How big is the market?
Is there significant room to grow, backed by a bold, believable vision?
Is the price fair for what this could become?
That’s the lens. If a company clears those five filters, I dig in.
The Formula (v1)
Instinct, intuition, and conviction are useful, but I don’t rely on them alone. It is absolutely necessary to take a look at the bigger picture.
Every company I seriously consider goes through the same lens: a 7-part scoring system I’ve built and refined over time to reflect what actually matters to me as an investor.
With the help of AI, each category gets a score out of 10, and I apply a weighted average based on how much I believe it drives long-term returns. Here’s how the formula breaks down:
1. Product & Vision – 33.3%
This is the foundation of my framework. I don’t care how strong the numbers are if the product isn’t exceptional.
Current Products – Is the product genuinely good? Are users choosing it because it’s better, not just louder or cheaper? Have they built something sticky, delightful, or dominant today?
Future Products (and Market Fit) – How well is this company positioned to evolve or expand its product — or benefit as the market evolves around it? Even if the product stays the same, will it become more valuable over time as the space grows?

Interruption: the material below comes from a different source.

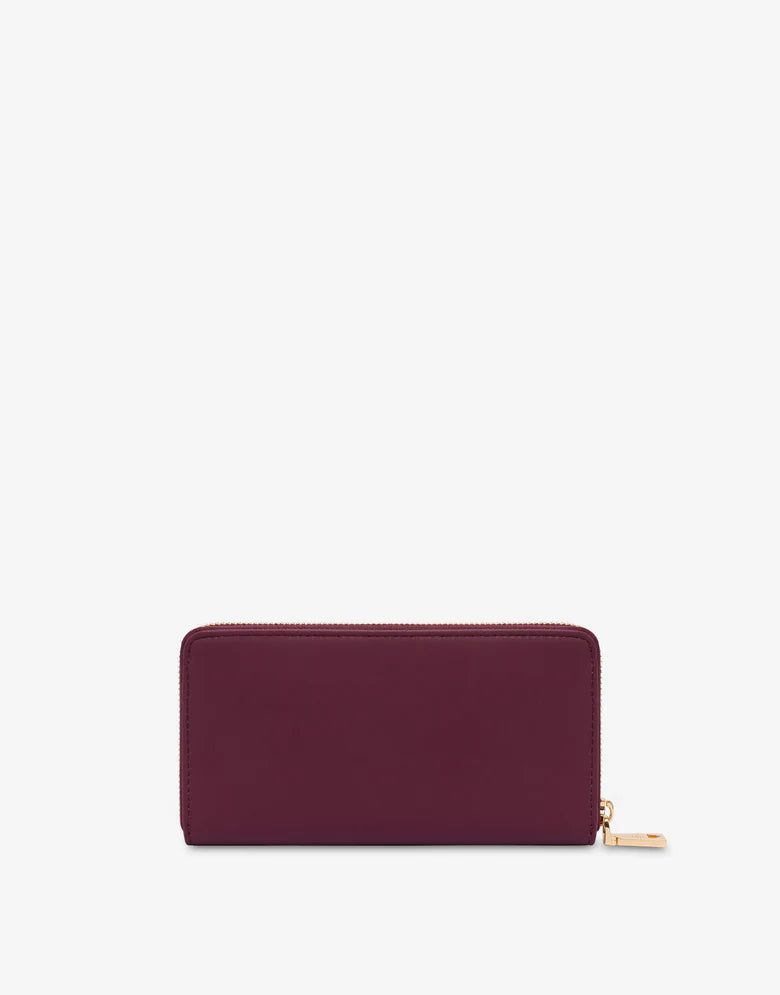 Portafoglio zip around con maxi logo LOVE MOSCHINO COLOR VINO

For example, Unity has a solid platform today. But if AR takes off, its same product becomes exponentially more important, not because it changes, but because the market around it does.
This category captures both how strong the product is today and how well it’s positioned for the future. I’m investing in what a company is now, and what it’s set up to become.

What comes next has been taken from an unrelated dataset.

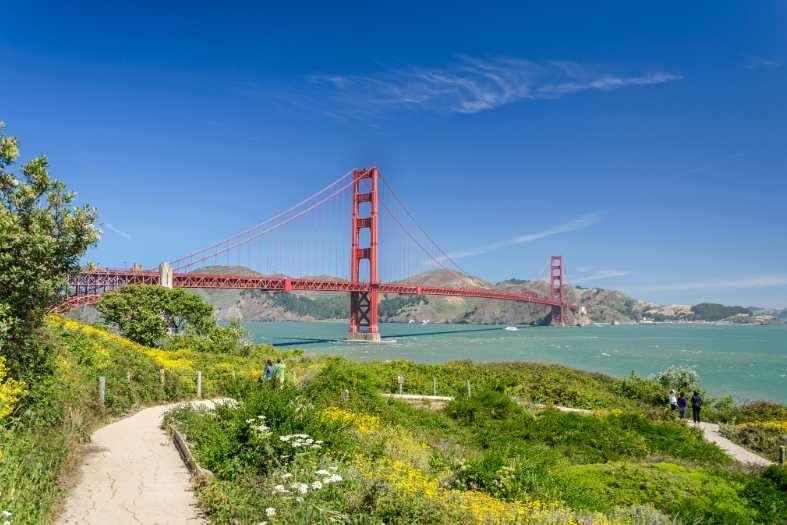 walking tracks with the golden gate bridge in the back ground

2. Valuation & Upside Potential – 20%
This isn’t just about being “cheap.” It’s about whether the company’s valuation makes sense relative to its long-term potential and whether there’s real upside left.
Market Cap Upside (0–10) – Can this company 10x over time? I assign a score based on how much room there is for long-term expansion in both market cap and impact (a score of 7 implies room for 7x growth).
Profitability Track:
EV/EBITDA – The most respected valuation multiple for profitable companies.
PEG Ratio – Tells me if I’m paying fairly factoring in future growth.
Growth Track:
Forward EV/Revenue – For unprofitable or reinvestment-heavy companies, this is the go-to valuation metric.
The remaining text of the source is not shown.